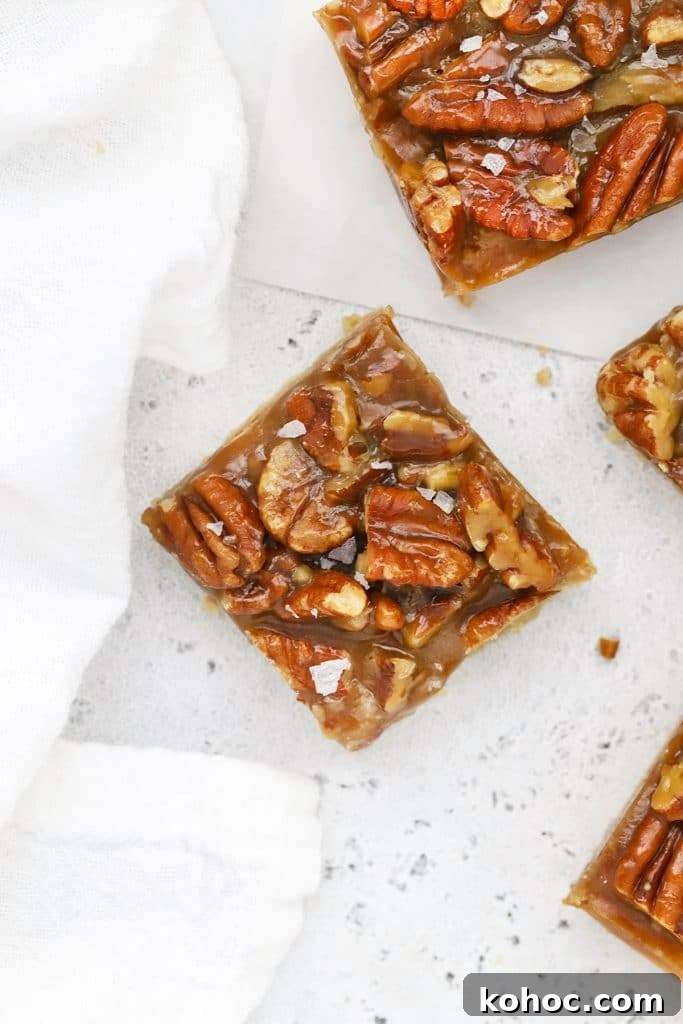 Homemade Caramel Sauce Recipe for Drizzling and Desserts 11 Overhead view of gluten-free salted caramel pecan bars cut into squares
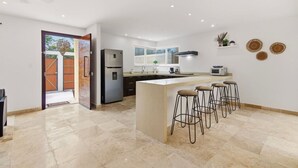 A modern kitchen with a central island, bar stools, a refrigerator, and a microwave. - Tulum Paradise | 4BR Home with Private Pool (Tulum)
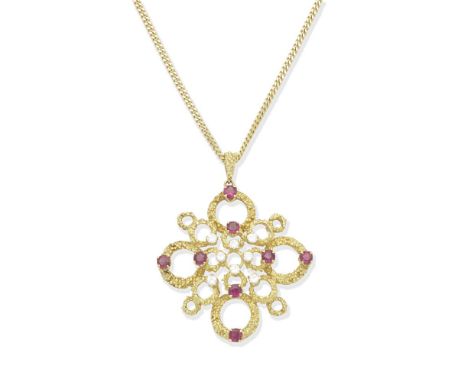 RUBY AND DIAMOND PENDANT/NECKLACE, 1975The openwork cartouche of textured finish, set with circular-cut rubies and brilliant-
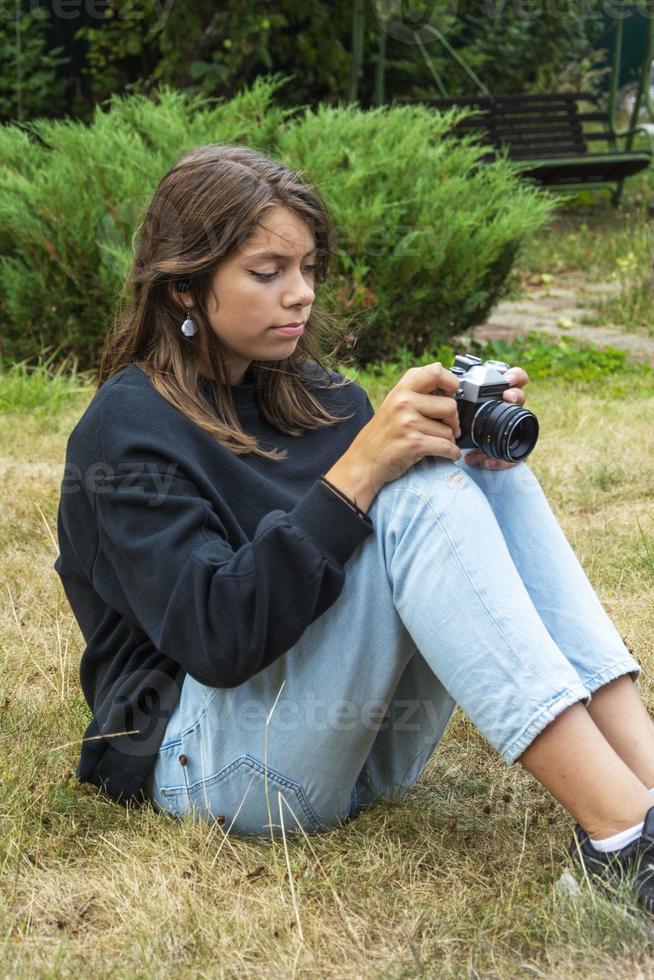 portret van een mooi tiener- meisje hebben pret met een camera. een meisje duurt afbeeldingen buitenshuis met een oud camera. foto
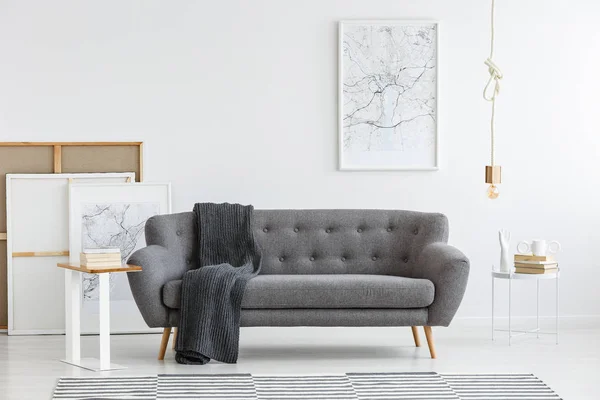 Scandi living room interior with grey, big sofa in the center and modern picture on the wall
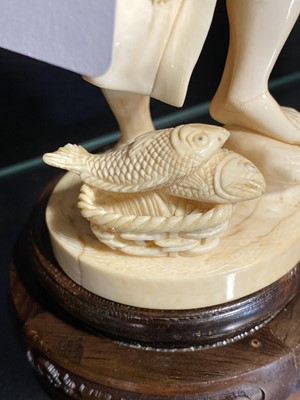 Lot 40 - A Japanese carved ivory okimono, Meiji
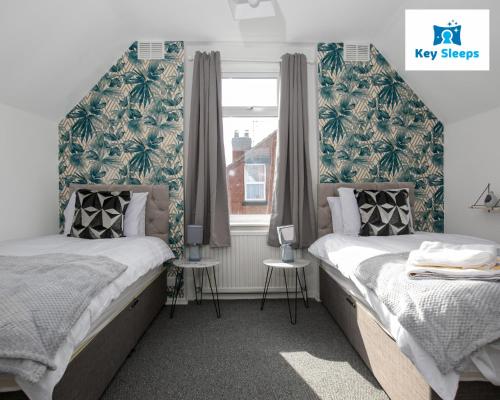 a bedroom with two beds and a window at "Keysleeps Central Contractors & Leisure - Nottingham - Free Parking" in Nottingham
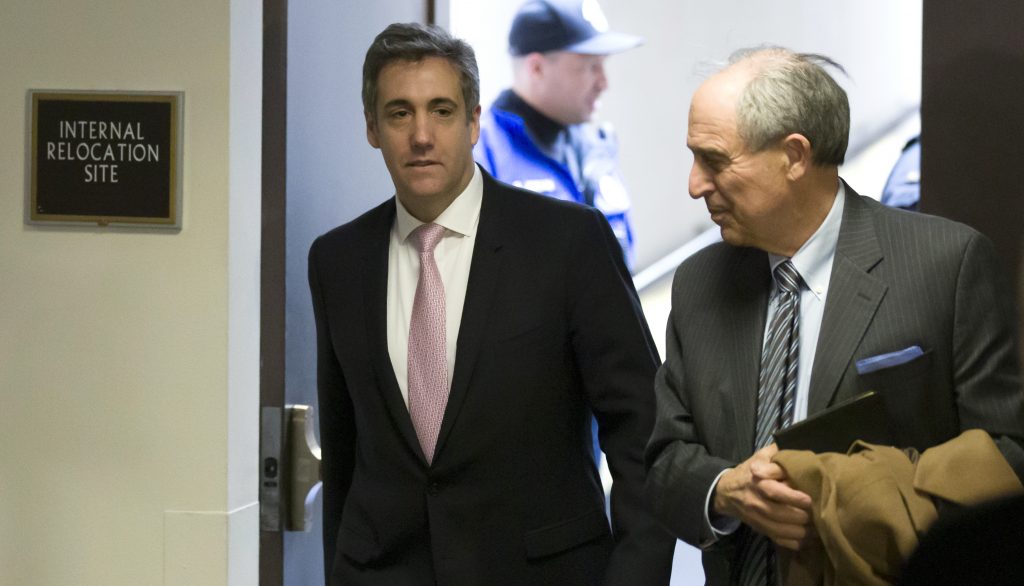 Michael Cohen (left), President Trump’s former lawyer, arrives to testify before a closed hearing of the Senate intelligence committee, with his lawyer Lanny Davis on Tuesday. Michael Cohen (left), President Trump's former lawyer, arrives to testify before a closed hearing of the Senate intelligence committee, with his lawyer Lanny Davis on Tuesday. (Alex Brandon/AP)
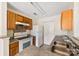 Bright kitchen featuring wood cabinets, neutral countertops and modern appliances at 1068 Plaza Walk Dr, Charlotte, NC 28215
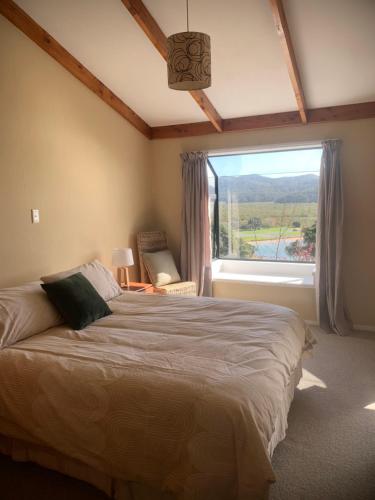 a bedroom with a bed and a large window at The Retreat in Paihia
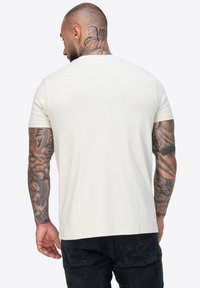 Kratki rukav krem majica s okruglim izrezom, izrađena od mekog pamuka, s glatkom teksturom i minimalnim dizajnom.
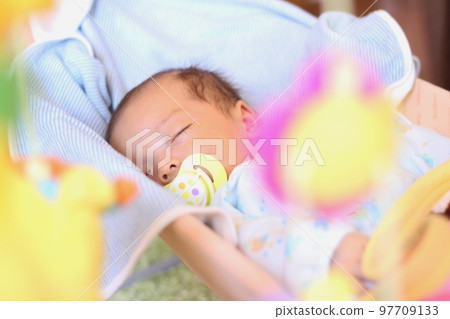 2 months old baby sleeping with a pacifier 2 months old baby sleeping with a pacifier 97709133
---
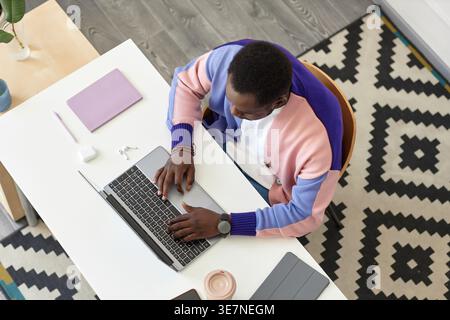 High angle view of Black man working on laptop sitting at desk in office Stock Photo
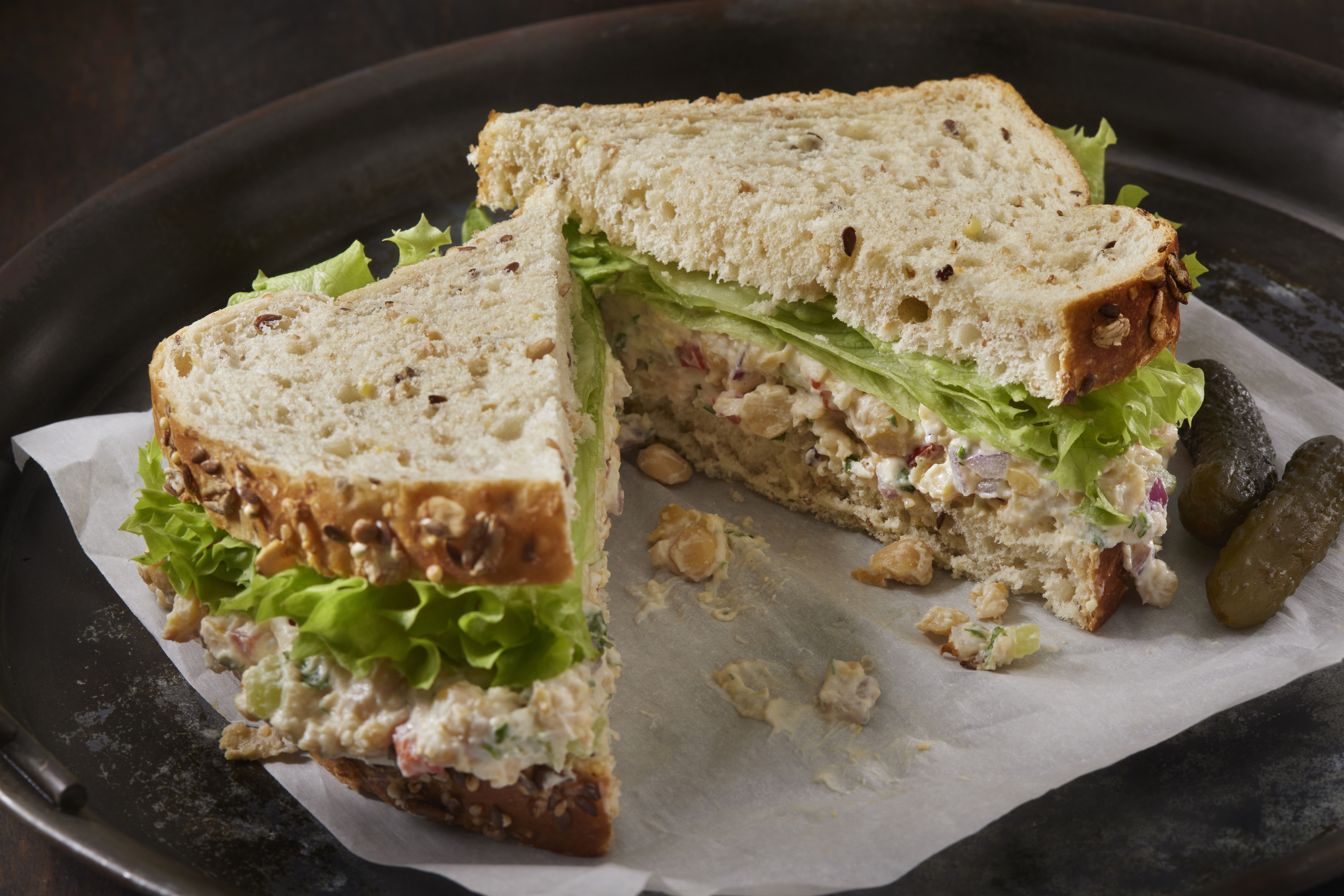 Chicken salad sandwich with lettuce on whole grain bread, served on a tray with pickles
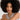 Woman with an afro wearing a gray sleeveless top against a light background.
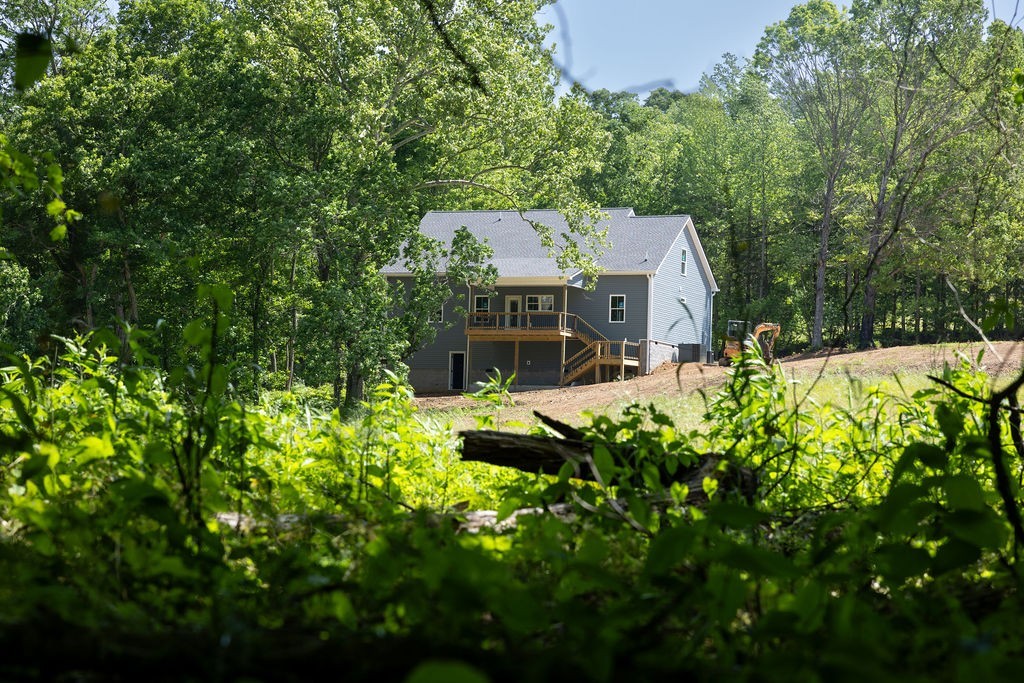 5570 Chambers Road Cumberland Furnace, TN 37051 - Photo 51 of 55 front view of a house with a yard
* * *
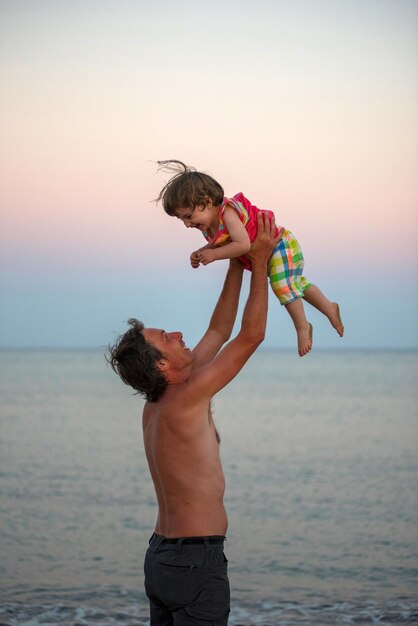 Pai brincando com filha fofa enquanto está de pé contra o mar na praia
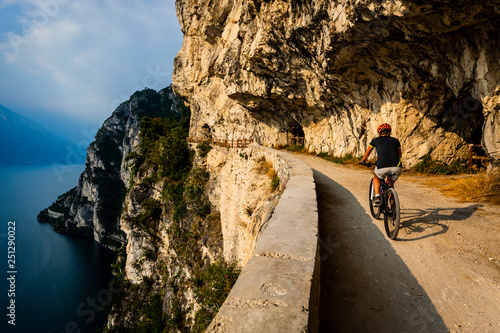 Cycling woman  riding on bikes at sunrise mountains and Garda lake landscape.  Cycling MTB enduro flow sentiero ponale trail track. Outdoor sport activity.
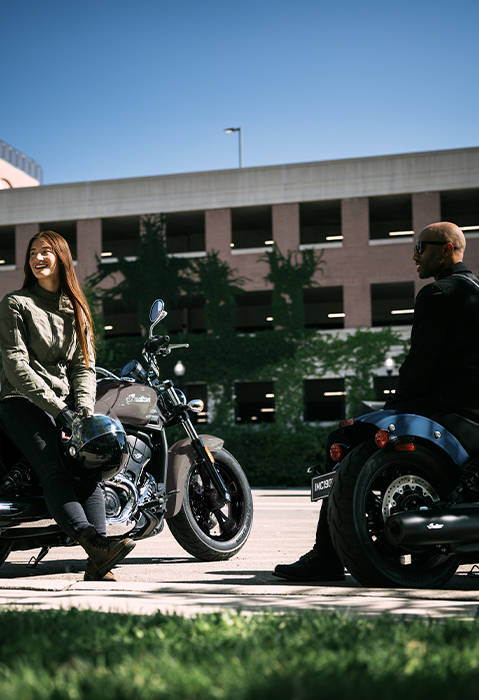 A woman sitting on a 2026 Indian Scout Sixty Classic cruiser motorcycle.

Your objective – Exactly the lines above from the one that contains "Homemade Caramel Sauce" down to the one that contains "RUBY AND DIAMOND" are to be output, both ends kept and pictures omitted.

Answer space –
 Homemade Caramel Sauce Recipe for Drizzling and Desserts 11 Overhead view of gluten-free salted caramel pecan bars cut into squares
 A modern kitchen with a central island, bar stools, a refrigerator, and a microwave. - Tulum Paradise | 4BR Home with Private Pool (Tulum)
 RUBY AND DIAMOND PENDANT/NECKLACE, 1975The openwork cartouche of textured finish, set with circular-cut rubies and brilliant-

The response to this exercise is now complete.